Oh, and i'd also say regardless of what you do avoid involving your parents if at all possible if they, as you say, suck. There's probably more than enough drama involved in this situation just with those people, and possibly even more if you involve yourself. Unless you can see an actual they could contribute something meaningful to the situation then fuck that. A lot of kids/people that age hang out with losers simply because they can relate to those people who also had shitty parents. And having known people with shitty parents, they're also a value-subtract not a value-add to any shitty situation.

The suggests above involving that are off point unless you have a specific strategy in mind or situation in which you think they could pull her away from something awful, knowing fully how they'll react because they're predictably shitty(like telling her she can't live at home anymore and has to go live with her grandma in another state or something, and you know she won't just start crashing with these shitty people). Anything else is just throwing gasoline on the drama fire or adding another crappy, unpredictable element to what may or may not be a crappy situation. Don't do it just because it's the "thing to do".
posted by emptythought at 6:59 PM on June 12, 2013 [1 favorite]


I don't know about your sister, but when *I* was 18, I didn't listen to anybody and especially didn't listen to anybody who disagreed with my "adult" choices.

I think your best course of action is to let her no you're concerned, leave it at that, and let her know you're there for her if the shit hits the fan.
posted by colin_l at 7:06 PM on June 12, 2013 [1 favorite]


If you tell the cops, you could be sending your sister to prison. I am not a lawyer, but do you really think that calling an agency with the power and inclination to put your kid sister in a cage for years will help her through her troubles? I seriously seriously doubt it. Anything but the cops. Please don't hurt your family like that.
posted by oceanjesse at 8:26 PM on June 12, 2013 [9 favorites]


Anon, I'm going to make this as concise and meaningful as I can without a hell of a lot of writing...

This gang affiliation stuff is essentially family replacement. The only reason gangs work is because they, just like any cult, offer feelings of belonging and understanding.

She obviously doesn't have a committed emotional support group...a family that understands...so she's reaching out and finding and making the best of what's available.

My reaction is to rally your sisters to engage with her, talk with her and be the family that she needs.

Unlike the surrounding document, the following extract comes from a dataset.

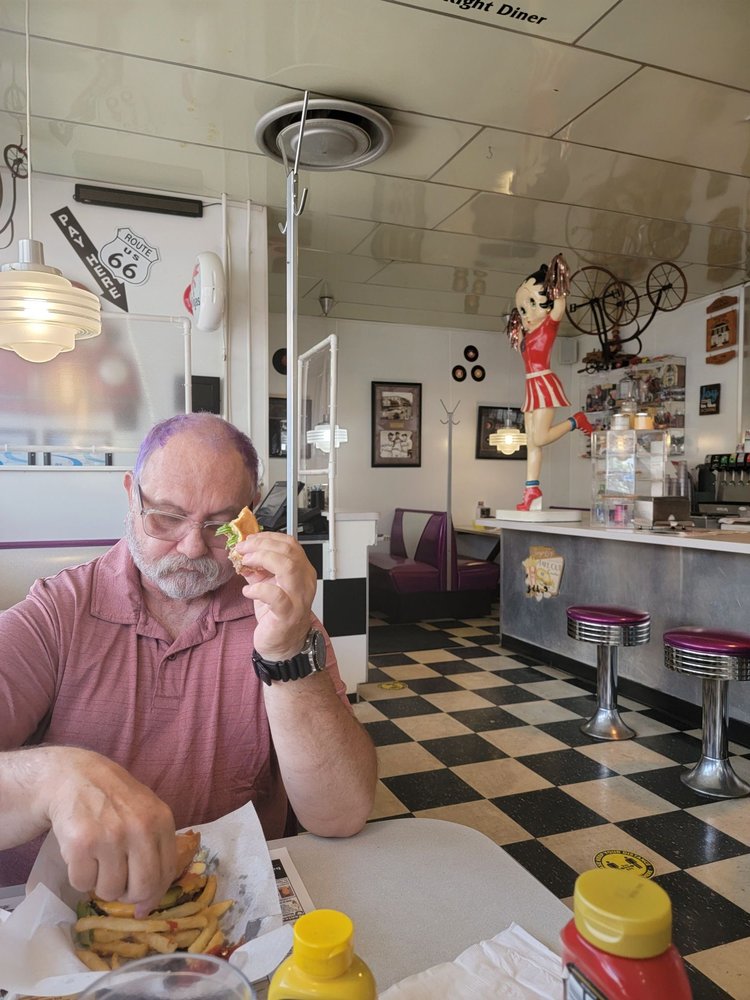 STOCK POT DINER, CATERING & LIMOUSINE Updated October 2024 46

Call every fucking day. Talk about school and career goals and personal interests. Allow her to open up about her personal feelings and express herself.

You ARE the family she needs.

I've been on both sides of this fence and I'm thankful every single day that someone showed an honest interest, love and care for me before I got in too deep.

Good luck and don't give up!
posted by snsranch at 8:26 PM on June 12, 2013 [19 favorites]


She says they are the greatest guys she's ever met, that they are all about respect and are seriously the best friends.

What's that phrase? The easiest lie to make someone believe is the lie they want to believe. She'll find out just what Prince Charmings they are when it's time to throw someone under the bus to avoid prison, or when they just feel like she is helpless and they stand to profit big time off her against her wishes.

But I feel like your sister wants to believe that there is someone with power who will always have her back. Someone with power who she can always trust, who will be watching out for her. Someone with the consistent ability to provide her with her material needs, or enable her to get them. And someone who wants her there, wants her around, or at the very least sees her as having some value/use and not a burdensome waste of space.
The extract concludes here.